This curriculum spans the technical and operational scope of a multi-quarter platform modernization initiative, covering the same depth of architectural decision-making, tool integration, and cross-team coordination seen in large-scale internal developer platform rollouts.
Module 1: Modern Application Architectures and Design Patterns
- Selecting between monolithic, microservices, and serverless architectures based on team size, deployment frequency, and domain complexity.
- Implementing service boundaries using domain-driven design (DDD) to minimize coupling in distributed systems.
- Deciding when to adopt event-driven communication over request-response patterns in inter-service communication.
- Designing for graceful degradation and circuit breaking in high-latency downstream service scenarios.
- Managing schema evolution in shared message contracts across independently deployed services.
- Integrating legacy systems using anti-corruption layers without introducing performance bottlenecks.
Module 2: Infrastructure as Code and Cloud-Native Deployment
- Choosing between Terraform and cloud-native tools (e.g., AWS CloudFormation, Azure Bicep) for multi-cloud consistency vs. feature parity.
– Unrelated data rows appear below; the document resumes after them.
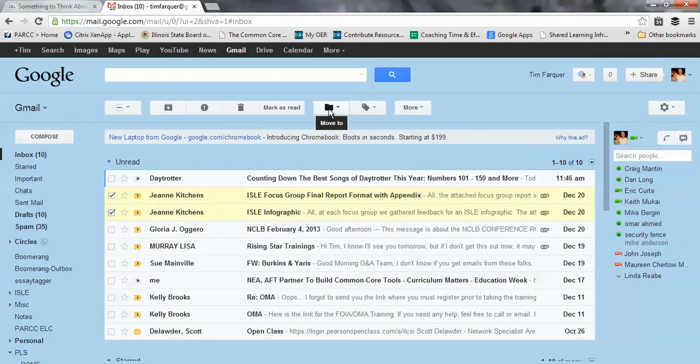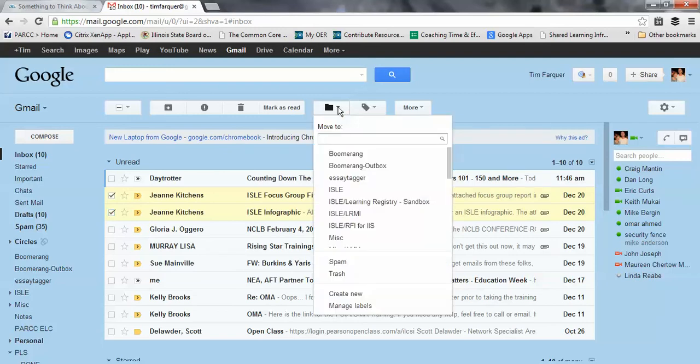This folder icon up here that says move to, you'll see it has a drop down arrow. It means you're going to have more options. And it lists all the folders that I have in my account.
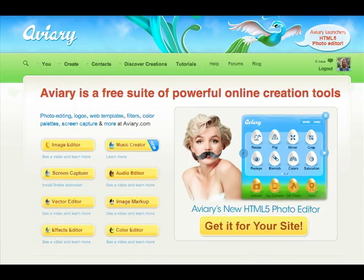So whereas GarageBand is really powerful, I'm going to start having students use Aviary, which is a cloud-based audio creation and editing tool.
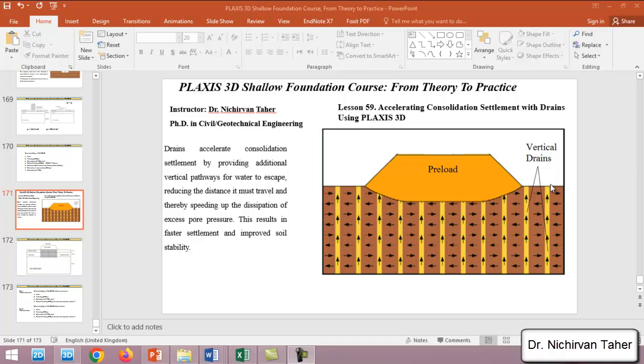Hello everyone, welcome back again to PLAXIS 3D Shallow Foundation Course: From Theory to Practice. This is lesson 59, and in this example we are going to use vertical drains or prefabricated vertical drains.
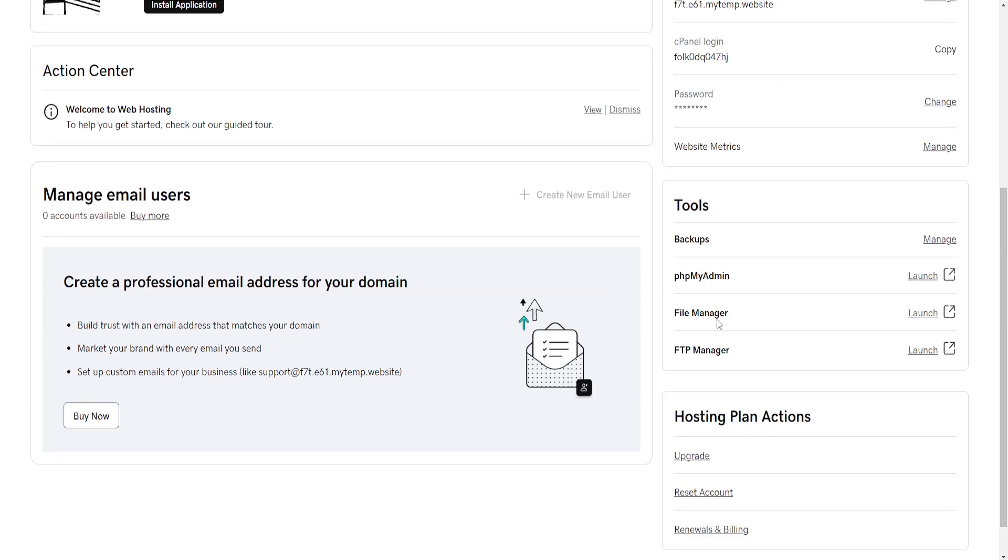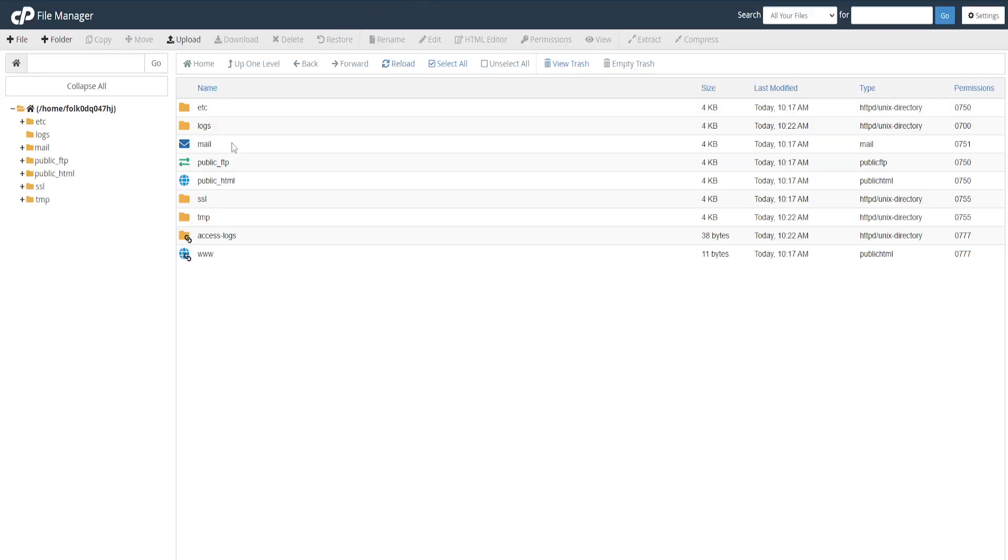If you want to find the file manager for cPanel in GoDaddy, just click on File Manager Launch here and it's going to load up a new page with cPanel and all of your GoDaddy website files.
- Structuring IaC modules to support environment parity while isolating secrets and region-specific configurations.
- Implementing blue-green deployments with automated traffic shifting and rollback triggers in Kubernetes environments.
- Managing state file locking and collaboration in shared Terraform configurations across multiple teams.
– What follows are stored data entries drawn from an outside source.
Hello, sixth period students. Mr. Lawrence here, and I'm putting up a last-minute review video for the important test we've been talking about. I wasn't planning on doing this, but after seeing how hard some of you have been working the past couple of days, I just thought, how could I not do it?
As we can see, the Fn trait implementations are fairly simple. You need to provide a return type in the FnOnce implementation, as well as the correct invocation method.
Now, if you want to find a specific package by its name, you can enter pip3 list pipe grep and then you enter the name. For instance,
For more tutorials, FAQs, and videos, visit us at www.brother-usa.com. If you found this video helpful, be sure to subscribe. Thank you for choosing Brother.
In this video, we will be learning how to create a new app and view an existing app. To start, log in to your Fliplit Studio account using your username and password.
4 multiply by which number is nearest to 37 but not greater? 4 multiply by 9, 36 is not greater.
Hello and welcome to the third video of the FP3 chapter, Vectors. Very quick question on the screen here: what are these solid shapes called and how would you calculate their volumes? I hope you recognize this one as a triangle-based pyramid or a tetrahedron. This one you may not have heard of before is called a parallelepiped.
- Enforcing cloud security baselines through policy-as-code tools like Open Policy Agent or HashiCorp Sentinel.
- Optimizing container image build pipelines to reduce attack surface and improve pull times in CI/CD.
Module 3: Continuous Integration and Delivery at Scale
- Designing parallelized test stages to reduce feedback loop duration in large monorepos.
- Implementing canary analysis using metrics (latency, error rates) to gate production promotions.
- Managing dependency versioning across shared libraries in a multi-repo environment with semantic release.
- Securing CI/CD pipelines against credential leakage through ephemeral tokens and scoped permissions.
- Integrating static analysis and SAST tools without introducing false positives that erode developer trust.
- Orchestrating cross-environment configuration drift detection using GitOps principles and reconciliation loops.
Module 4: Observability and Runtime Intelligence
- Instrumenting distributed systems with correlated trace IDs across service boundaries for root cause analysis.
- Configuring log sampling strategies to balance cost and diagnostic completeness in high-volume systems.
- Defining service-level objectives (SLOs) and error budgets that align with business availability requirements.
- Integrating business metrics (e.g., transaction completion rate) into observability dashboards for operational context.
- Selecting between open-source (e.g., Prometheus, OpenTelemetry) and vendor-managed telemetry backends.
- Managing retention policies for logs, metrics, and traces under data sovereignty and compliance constraints.
Module 5: Security and Compliance in Development Workflows
- Embedding security scanning (SCA, SAST, DAST) into pull request pipelines without blocking legitimate changes.
- Implementing just-in-time access controls for production environments using identity brokers.
- Managing secrets rotation in containers using external secret managers (e.g., HashiCorp Vault, AWS Secrets Manager).
- Enforcing regulatory compliance (e.g., GDPR, HIPAA) through automated policy checks in CI/CD gates.
- Auditing developer actions across infrastructure and code repositories for forensic readiness.
- Hardening container runtimes with minimal base images and non-root execution policies.
Module 6: Data Management in Distributed Systems
- Choosing between synchronous database transactions and eventual consistency based on user experience tolerance.
- Implementing change data capture (CDC) to propagate data updates across services without tight coupling.
- Partitioning databases by tenant or region to meet data residency requirements in global deployments.
- Migrating schema in production databases with zero-downtime using dual-write and verification patterns.
- Securing access to data stores using attribute-based access control (ABAC) instead of role-based models.
- Designing offline-first capabilities in client applications using local data synchronization strategies.
Module 7: Platform Engineering and Internal Developer Platforms
- Defining self-service interfaces for common provisioning tasks (e.g., databases, queues) using UI or CLI.
- Measuring platform adoption through developer onboarding time and ticket reduction metrics.
- Integrating third-party tools (e.g., monitoring, logging) into a unified developer console.
- Managing API gateway configurations and rate limiting policies across multiple teams.
- Standardizing application scaffolding templates that include security and observability defaults.
- Balancing platform standardization with team autonomy in technology selection for specialized workloads.
Module 8: Evolutionary Practices and Technical Debt Management
- Tracking technical debt using issue tagging and backlog prioritization in sprint planning.
- Refactoring legacy components incrementally using the strangler pattern without disrupting business flows.
- Allocating time for maintenance work in product roadmaps without diluting feature delivery commitments.
- Measuring code health using metrics like cyclomatic complexity and test coverage trends over time.
- Conducting architecture decision record (ADR) reviews to ensure alignment and traceability of key choices.
- Establishing cross-functional guilds to share knowledge on emerging tools and patterns across engineering teams.